Writer/director Michael Haneke is no stranger when it comes to diving into the darker realms of human existence, such as with his film The Piano Teacher. For Amour, he takes this exploration to a deeper and more personal level, crafting a poignant statement on love and devotion that no rom-com could ever hope to match. The protagonists in Amour are already much further down the line, being a married couple in their eighties who have spent the majority of their lives together. They have now reached a harrowing stage in their relationship where the “in sickness and in health” portion of their wedding vows will seriously be tested.

Georges (Jean-Louis Trintignant; Three Colors: Red) and Anne (Emmanuelle Riva; Three Colors: Blue) are a relatively well off, aging couple with a comfortable flat in Paris. The music teachers and scholars are in retirement and spend their time attending concert performances of some of the students they once mentored. One particular morning after an evening out at one such performance, Anne suddenly takes ill, going blank and unresponsive for a few minutes, prompting Georges to become concerned and insist she go see a doctor. It turns out she has a problem with her brain that requires surgery, a frightening prospect for Anne who has always feared doctors. But George comforts her – this surgery has a nearly 100% success rate, and she should be fine. It doesn’t work out so for Anne, and she returns home wheelchair-bound, with the burden of her care falling on Georges. After she suffers a stroke and becomes paralyzed on one side, the burden becomes even heavier for the eighty-something George. He suffers his duty in reserved silence out of devotion and love for his rapidly degrading wife, even as it begins to take an obviously physical toll on him. A nurse doesn’t help matters much for the couple, and a visit from the couple’s daughter (Isabelle Huppert in a small but brilliant as usual turn; White Material; The Piano Teacher) only seems to highlight how removed from the world they have both become.

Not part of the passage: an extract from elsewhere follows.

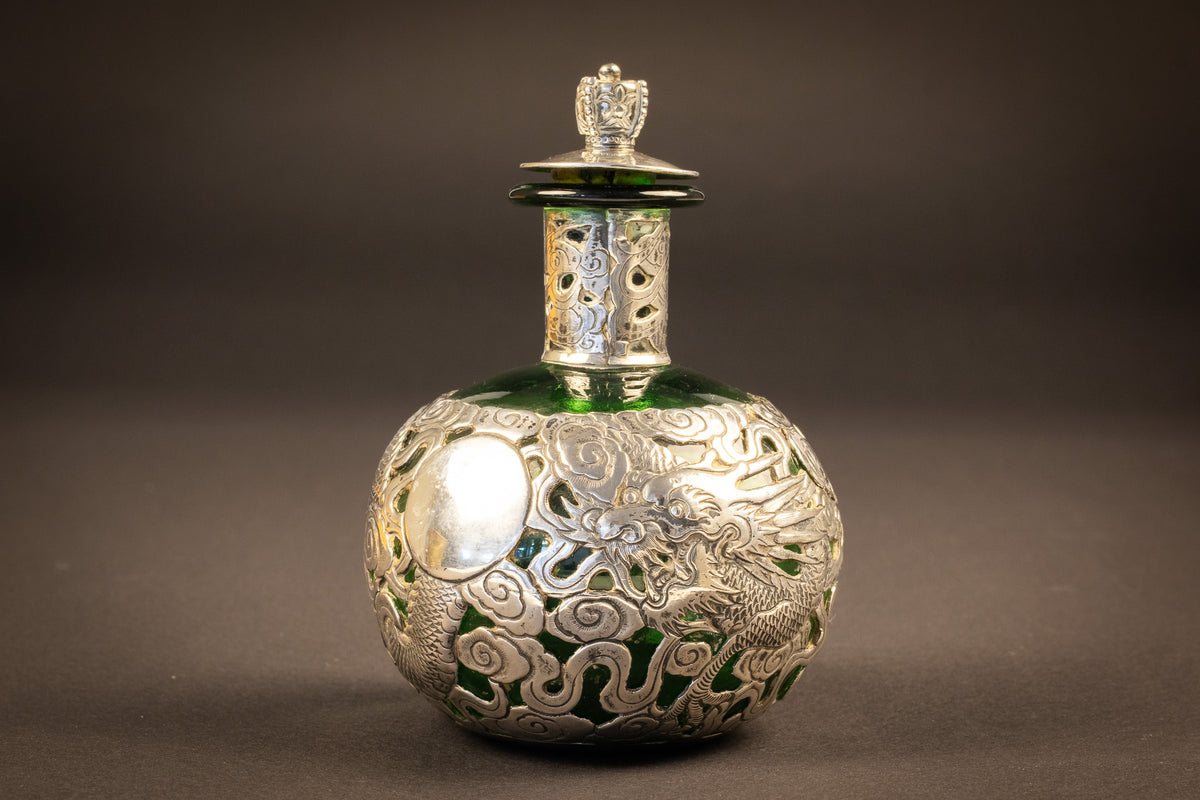 Antiker chinesischer Export-Silberflakon / Parfümflakon mit grünem Glas und Drache – 12 cm – ca. 1890–1920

Amour is almost entirely dependent upon the acting of leads Trintignant and Riva, who dominate the screen time. The film is set almost entirely within the confines of their home apart from the early concert recital scene. Riva gives a brilliant performance of the slow decline into illness without even a hint of hamming it up, while Trintignant is the perfect counterpoint – stoic, devoted, yet tired and weakened. Most of all, what makes Amour so gripping, is Haneke’s unsentimental handling of the material here. While many filmmakers would be tempted to insert overtly  tear-jerking scenes with the queued up swelling string section at every moment, Haneke steps aside and lets us have a glimpse at the subtleties of what real life is all about. It’s not that Amour lapses into grimness either. On the contrary, we are always given just enough of the reality and the inevitable, before Haneke pulls back and allows us to breathe, contemplate, and truly be moved by what is occurring.

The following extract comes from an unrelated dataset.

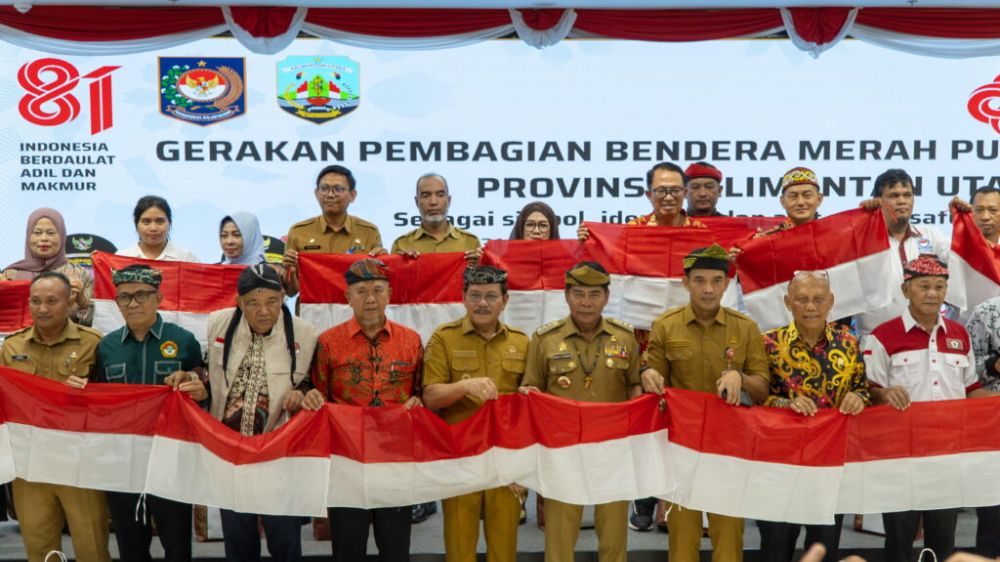 Semarak HUT ke-81 RI, Pemprov Kaltara Bagikan Bendera Merah Putih dan Ajak Masyarakat Kibarkan Bendera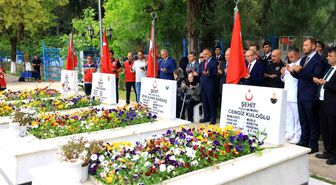 Vali Akbıyık, Kurban Bayramı'nda şehitlikleri ziyaret etti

You will find hardly any films out there more profound, more tragically romantic, more heartbreaking, or more delicately handled than Amour.

Video Quality

[Rating:5/5]

Amour-UK-BD_02

Amour was shot in high definition on the Arri Alexa with Cooke S4 and 5/i lenses. It comes to Blu-ray with a magnificent AVC/MPEG-4 1080p transfer from Artificial Eye that one struggles to find any fault with. The image here is wonderfully textured, brilliant in contrast and extended in shadow detail with accurate flesh tones. Video noise is minor, though what little there is, is not of the harsh and obtrusive variety.

Audio Quality

[Rating:3.5/5]

Amour-UK-BD_03

The French DTS-HD Master Audio 5.1 (48kHz/16-bit) soundtrack is typical of films from this genre. There is very little going on at all, to be honest, in this mix. Only the very slightest ambient sound effects grace the surround channels while much of everything else is placed in the front, with the natural and clean dialogue anchored to the center channel.

Supplemental Materials

[Rating:2.5/5]

Amour-UK-BD_04

A half-hour making-of is the meat of the extras included with Amour here. We also get a brief interview with star Jean-Louis Trintignant and introduction to the film by author Philipe Rouyer who offers up his insights, brief though they are.

The supplements:

  • Introduction by Philipe Rouyer, co-author of Haneke by Haneke (1.78:1; 1080i/50; 00:05:51)
  • The Making of Amour (1.78:1; 1080p/24; 00:25:46)
  • Jean-Louis Trintignant Talks About Amour (1.78:1; 1080i/50; 00:07:29)
  • Trailer (1.85:1; 1080p/24)

The Definitive Word

Overall:

[Rating:4.5/5]

Amour-UK-BD_05

I have seen my fair share, nay, more than my fair share, of romantic comedies, and none of them have been able to capture the essence of true love the way Amour has. They are always to concerned with the superficial – young love, new love, beautiful love, sexual desire. This is love after a lifetime of companionship, when the people know that the inevitable part of life, the inescapable is upon them, when the nitty gritty, complicated bits intrude. Amour is purely, and simply put, brilliant.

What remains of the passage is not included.